## ACTIVITY:
Lines before the one containing "How to Make" are not wanted; restate the rest below word for word, through the last line, but drop any pictures.

## DATA BELOW:
* * * * * * * * *

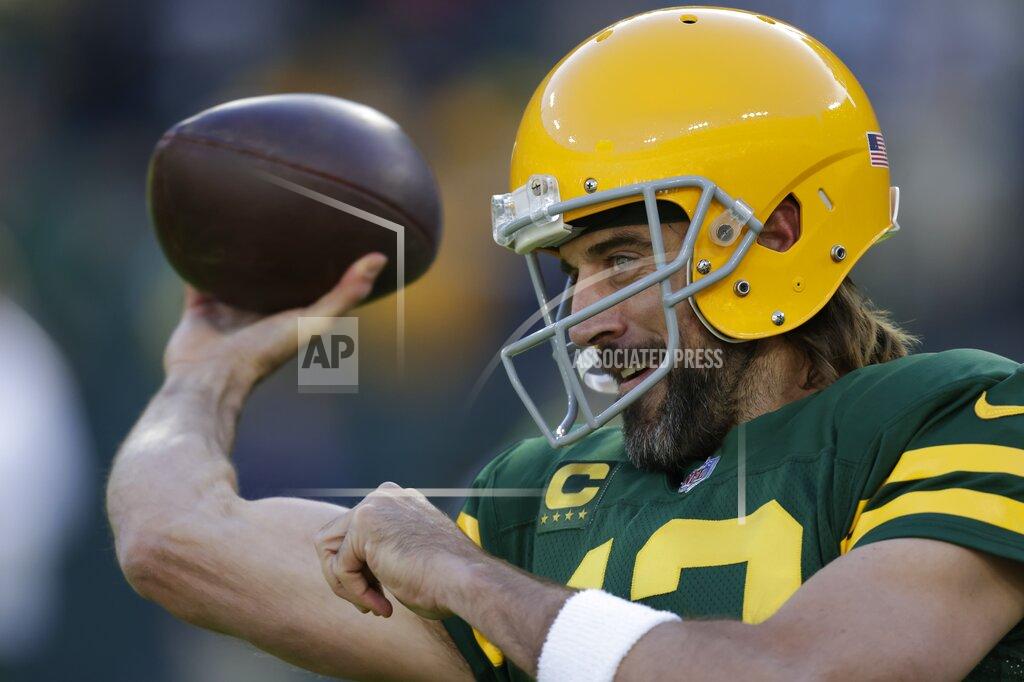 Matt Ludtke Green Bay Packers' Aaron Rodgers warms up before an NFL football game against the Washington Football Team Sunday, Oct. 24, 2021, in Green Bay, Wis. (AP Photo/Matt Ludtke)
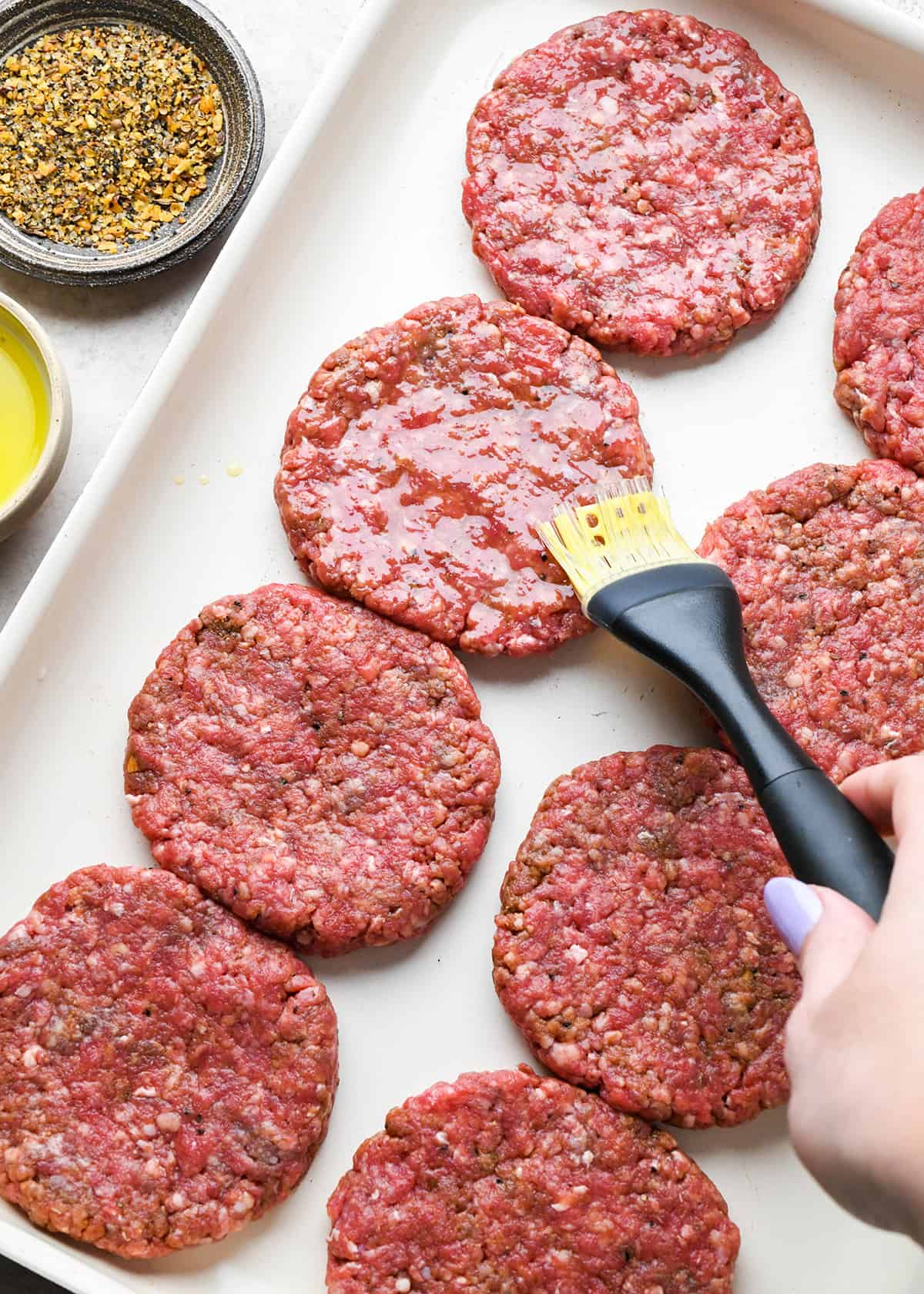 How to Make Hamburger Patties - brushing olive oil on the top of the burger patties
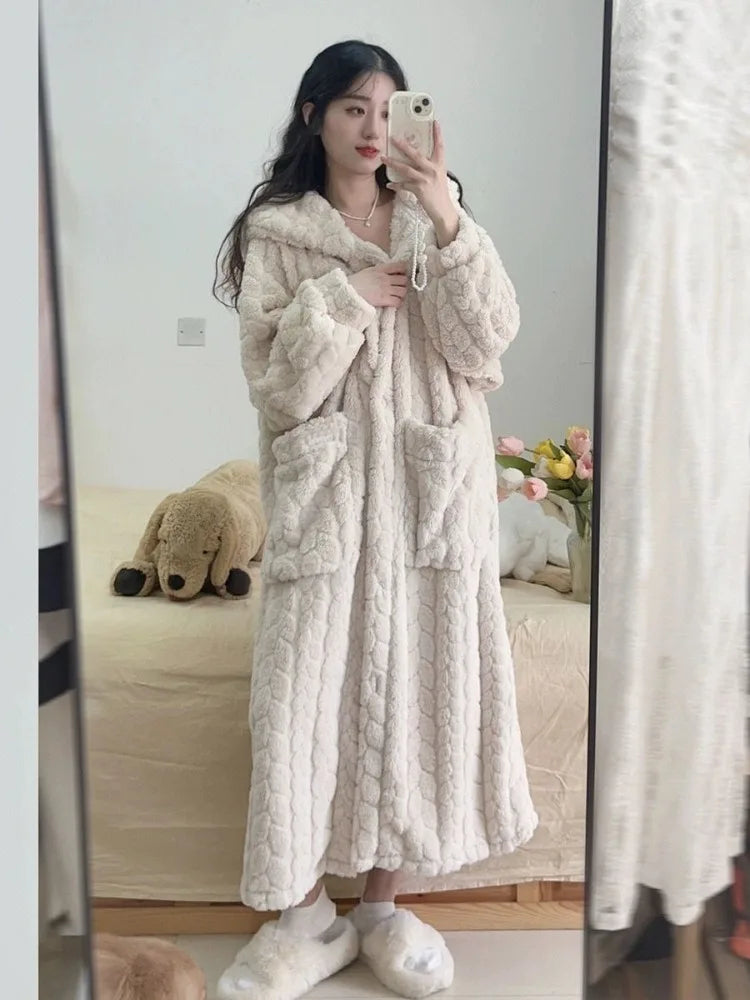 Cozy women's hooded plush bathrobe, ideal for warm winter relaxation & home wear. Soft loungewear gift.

* * * * * * * * *

## ANSWER SECTION:
 How to Make Hamburger Patties - brushing olive oil on the top of the burger patties
 Cozy women's hooded plush bathrobe, ideal for warm winter relaxation & home wear. Soft loungewear gift.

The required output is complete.